Since 2007, Google has been chipping away at the complexity, not to mention exorbitant cost, of moon exploration with the Lunar XPrize, a competition for privately funded space entrepreneurs to build a rover, land it on the moon, travel at least 500 meters, and transmit video and images.
The Lunar XPrize is meant to lower the barriers of not only space travel, but of the average person’s perception of space travel—and J.J. Abrams and Oscar-nominated director Orlando von Einsiedel are lending their talents to the effort with their nine-part docu-series, Moon Shot.

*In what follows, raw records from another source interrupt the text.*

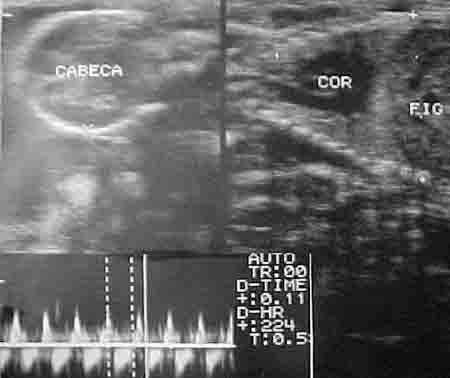 Dog Pregnancy - Ultrasound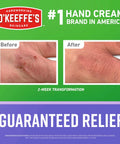 Night Treatment Hand Cream For Extremely Dry And Cracked Hands, Before and after results, O'Keeffe's brand, 2-week transformation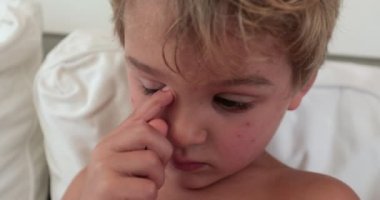 Child scratching eye, feeling tired. Handsome blond toddler boy face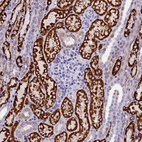 Immunohistochemical staining of human kidney shows strong granular cytoplasmic positivity in cells in tubules.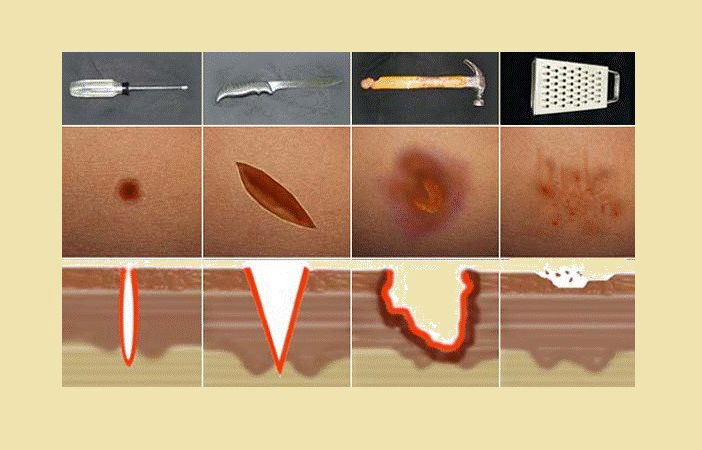 Clasificación De Las Heridas Según Agente Causal Blog De Hemorragias Y Heridas 2158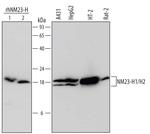 NME1/NME2 Monoclonal Antibody (642825)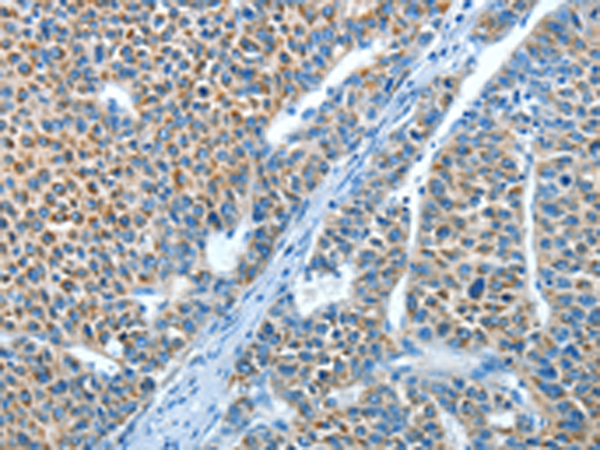 Rabbit Polyclonal Antibody to ADRA1B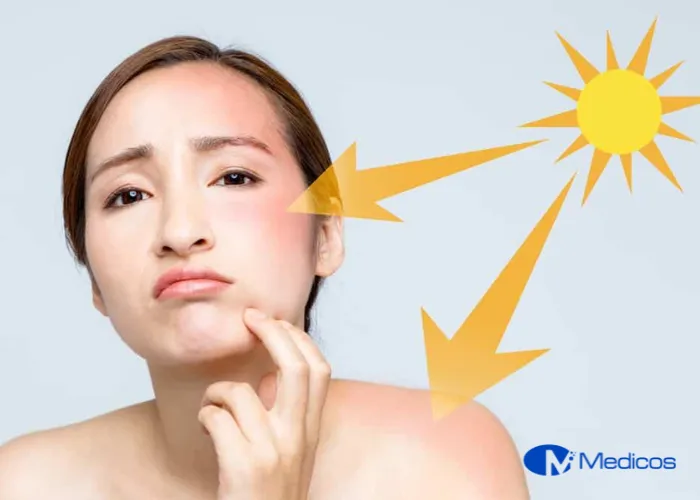 Tia UV là nguyên nhân gây ra nám và là tác nhân ngăn cản quá trình điều trị nám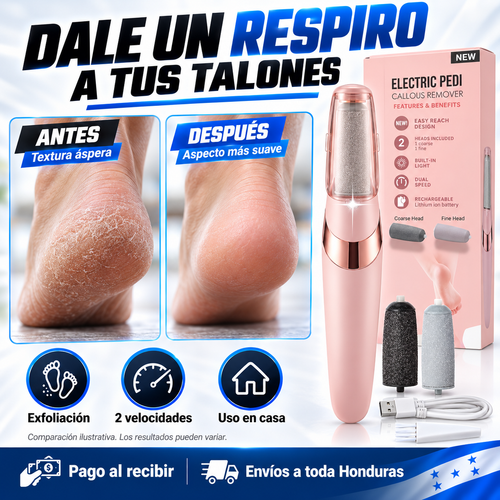Removedor Eléctrico de Callos — ¡Pedicura Profesional en Casa sin Salón!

Moon Shot aims to infuse a little heart and humanity into the otherwise technical field of space exploration by profiling teams in the Lunar XPrize competition. Each episode pulls out the who and why and runs it all through Einsiedel’s masterfully cinematic lens.

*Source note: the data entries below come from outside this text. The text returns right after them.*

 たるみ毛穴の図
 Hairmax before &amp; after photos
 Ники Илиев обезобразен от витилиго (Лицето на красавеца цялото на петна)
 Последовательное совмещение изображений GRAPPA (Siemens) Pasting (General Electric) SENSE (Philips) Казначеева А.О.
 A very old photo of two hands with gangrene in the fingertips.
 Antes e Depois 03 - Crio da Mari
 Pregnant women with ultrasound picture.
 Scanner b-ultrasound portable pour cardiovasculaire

“There are a million ways to tell a story—these films could have been purely science- or technology-based or scholastic,” says Andrew Lee, a producer at Bad Robot, Abrams’ production company that’s coproducing Moon Shot. “But our approach was more of a cinematic, human story.”
Lee’s hope for Moon Shot is that it will stir up the kind of worldwide emotional fervor felt during the Space Race of the mid-20th century. Lunar XPrize’s $30 million purse for the winners is certainly one reason to throw a rover into the competition, but what Moon Shot highlights so well are stories that are grounded in the sense of doing something bigger than oneself.
“Once we delved deep, that’s when we started to learn about the human beings that are involved,” Lee says. “And there’s nothing more relatable than hearing a human story that’s in the context of something so large.”